Ungeachtet der diesem Aperçu angefügten Schlagwörter tut man Henry David Thoreau Unrecht, wenn man ihn als staatspolitischen Philosophen betrachtet. Ein staatspolitischer Denker: Ja. Ein Philosoph: Nein. Denn nicht jeder Denker denkt philosophisch. Und Thoreau dachte ganz sicher nicht philosophisch, so wenig wie noch alle, die je politisierten. Das vor mir liegende Büchlein ist 2001 bei der Büchergilde erschienen.
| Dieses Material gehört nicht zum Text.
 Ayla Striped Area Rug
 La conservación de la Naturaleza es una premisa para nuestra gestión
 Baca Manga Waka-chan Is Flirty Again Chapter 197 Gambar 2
Es enthält drei politische Aufsätze Thoreaus:

  • Über die Pflicht zum Ungehorsam gegen den Staat [in der Übersetzung von Walter E. Richartz]
  • Leben ohne Grundsätze [übersetzt von Peter Kleinhempel]
  • Vom Gehen [ebenfalls von Kleinhempel übersetzt]
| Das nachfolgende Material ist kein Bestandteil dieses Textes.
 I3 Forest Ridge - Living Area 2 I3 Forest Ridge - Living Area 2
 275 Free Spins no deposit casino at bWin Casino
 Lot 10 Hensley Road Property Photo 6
Die ersten beiden Aufsätze haben wir hier schon einmal je separat besprochen, der dritte gleicht ihnen trotz seines Titels, denn Thoreau geht(!) auch in diesem Aufsatz vom Lob des Gehens als der idealsten Fortbewegungsart über zu politischen Themen. Es sind alle drei im Grunde genommen Hymnen an die Selbständigkeit des Einzelnen, der ohne große Bedürfnisse leben kann. Leben kann und – wichtig in allen drei Aufsätzen – leben lassen kann. Nicht nur in der Natur, sondern auch in der Gesellschaft. Thoreau war militanter Abolitionist – Gegner der Sklavenhaltung, Gegner auch der Politik des Staates Massachusetts, der zwar selber keine Sklavenhaltung tolerierte, aber entlaufene Sklaven gerichtlich wieder zu ihrem Herren zurück expedierte. Als Gegner einer solchen Politik des Staates entwickelte sich Thoreau auch zum Gegner des Staates an sich.
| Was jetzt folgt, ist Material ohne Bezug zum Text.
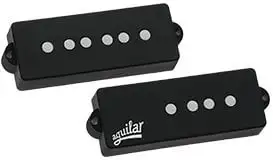 Aguilar AG 5P-60CL Black Basupptagning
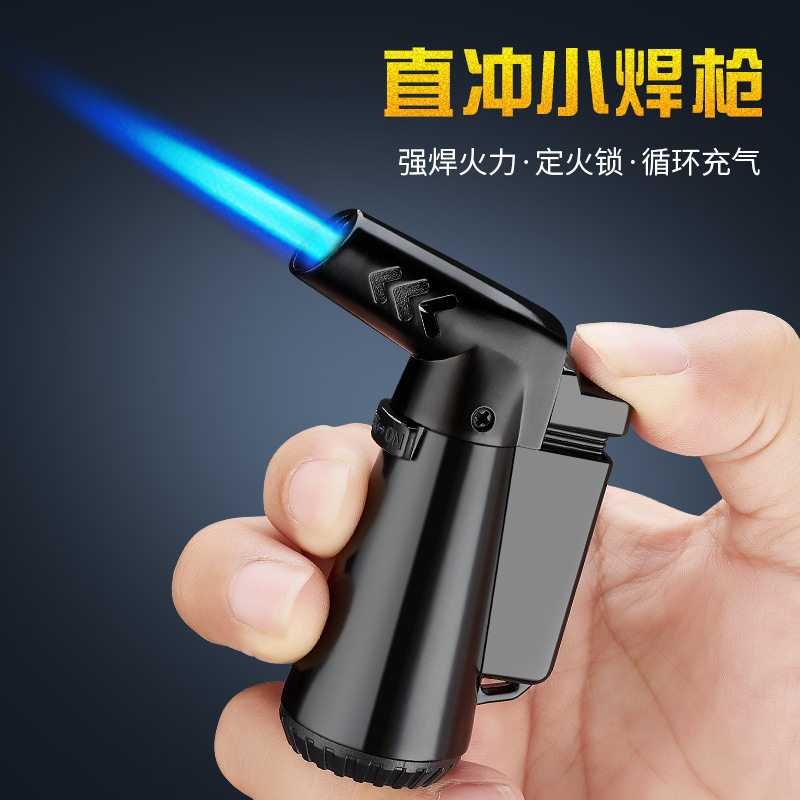 好玩的全金属手持小喷枪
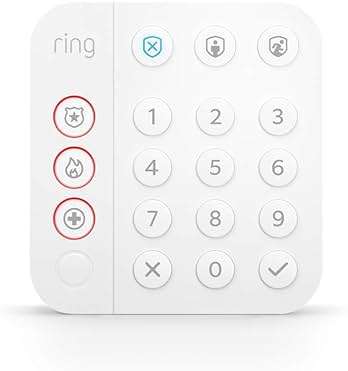 Ring Alarm Keypad (2nd Gen) - Image 6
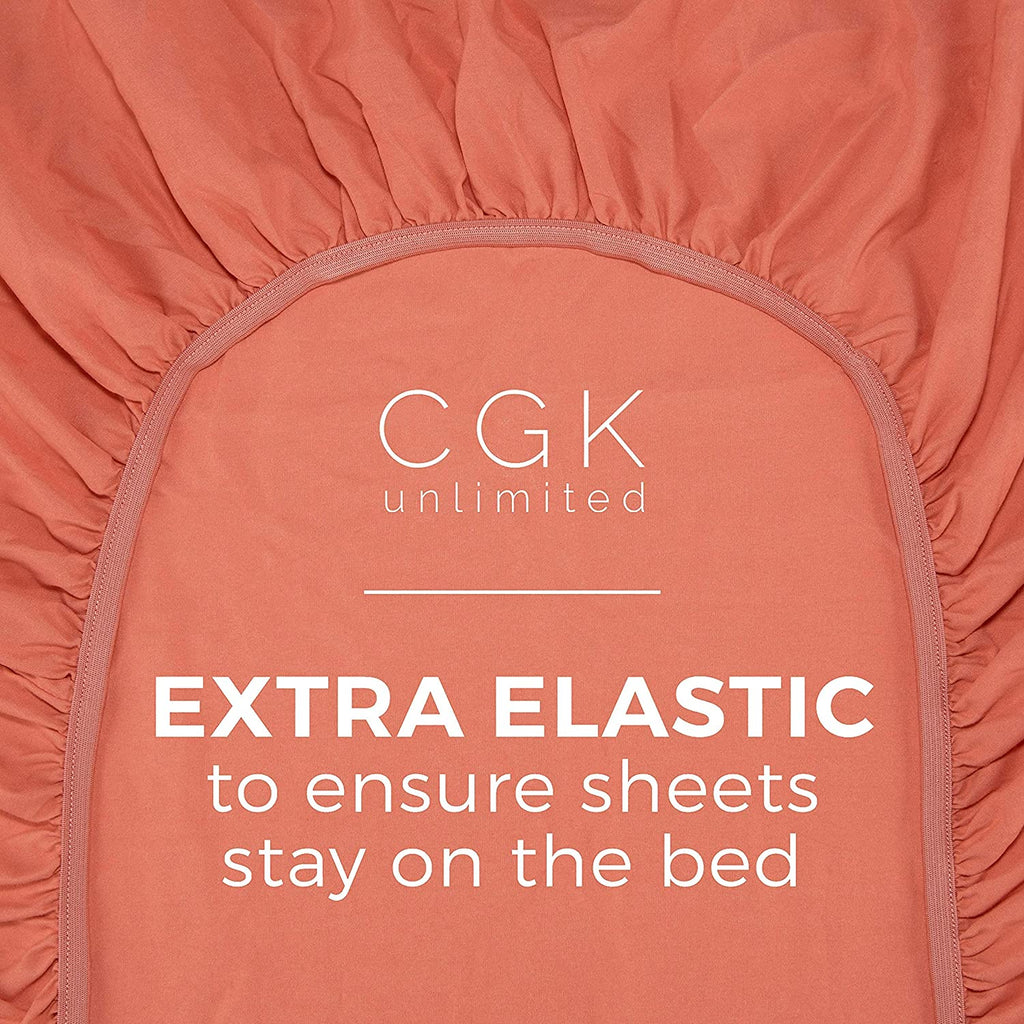 Standard Single Fitted Sheet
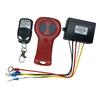 Handset Switches Controller Receiver Wireless Winch Remote Control Kit 315/433.92MHZ Winch Control System ATV Accessory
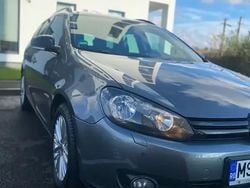 Utilizat 2012 VW Golf VI Break | 5.250 EUR (Preț OK)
Und da geschieht etwas Bemerkenswertes: Thoreau, der eben gerade kein philosophischer Denker war, unterläuft ein riesiger Denkfehler. In seinen Aufsätzen (die inhaltlich übrigens sehr ungeordnet sind und auch rhetorisch katastrophal) wettert er gegen den Staat, predigt eine völlige Unabhängigkeit des Individuums von staatlichen Institutionen. Man kann das als Anarchismus sehen (und Manfred Allié in seinem Nachwort meiner bei der doch linken Büchergilde erschienen Ausgabe diskutiert die Frage, kommt aber dann zu einer diesbezüglich eher verneinenden Einschätzung der Haltung von Thoreau), aber seine Argumente könnten genau so gut von einem Anhänger eines radikalen Libertarismus stammen. Dem, was er zum Beispiel über den Staat und die Zeitungen, die die Sklavenhaltung unterstützen, sagt, wird jeder rechtschaffene Mensch im ersten Moment zustimmen. Wenn man aber genauer liest, merkt man, dass Thoreau in seinem Angriff maßlos geworden ist. (Was damit zusammenhängt, dass sie immer ad hoc verfasst wurden, gar nicht für eine literarische Ewigkeit gemeint waren.) Er geht davon aus, dass seine Angriffe nur von ‚guten‘ Menschen gelesen und angewendet würden. (Das war ja in der Praxis auch das Publikum, vor dem er sprach.) Es existiert für ihn eine moralische Steuerung, die einen Missbrauch seiner Gedanken verhindert. Denn es gibt Sätze, ja ganze Abschnitte, die man aus dem Zusammenhang nehmen könnte, und die dann in dieser Form nicht unterschieden werden können von den Angriffen, die aktuell von der extremen Rechten gegen Staat und Journalismus gefahren werden (vor allem Thoreaus Heimat, die USA, haben unterdessen dafür eine traurige Berühmtheit erreicht).

Thoreau ist nicht der einzige Schuldige an der gegenwärtigen ‚Fake News‘-Bewegung. Aber er ist eine von deren Wurzeln. Über ihn sind solche Gedanken in den Transzendentalismus geflossen, der in seinem spätromantischen Idealismus ebenfalls das Wahre-Schöne-Gute im Menschen voraussetzt. In der intellektuellen Atmosphäre des Transzendentalismus wuchsen dann ja auch ein Charles S. Pierce auf und ein William James, und vor allem aus Pierce’ Spätphilosophie, dem Pragmatizismus, schwappte dieses Denken, diese unreflektierte Voraussetzung eines Wahren-Guten-Schönen im Intellekt eines jeden Menschen, nach Europa über, wo Apel und Habermas daraus die Transzendentalpragmatik entwickelten, die glaubte, dass sich in der Auseinandersetzung der Denkenden von selber ein Konsens entwickeln würde, der dann auch der ‚Wahrheit‘ entspräche. Dass die ethische Grundausstattung der wenigsten Menschen dies erlauben könnte, wurde ausgeblendet.

Fazit: Thoreaus politische Gedanken gehören gelesen – aber nur ausgerüstet mit Feuerzange und Asbest-Handschuhen.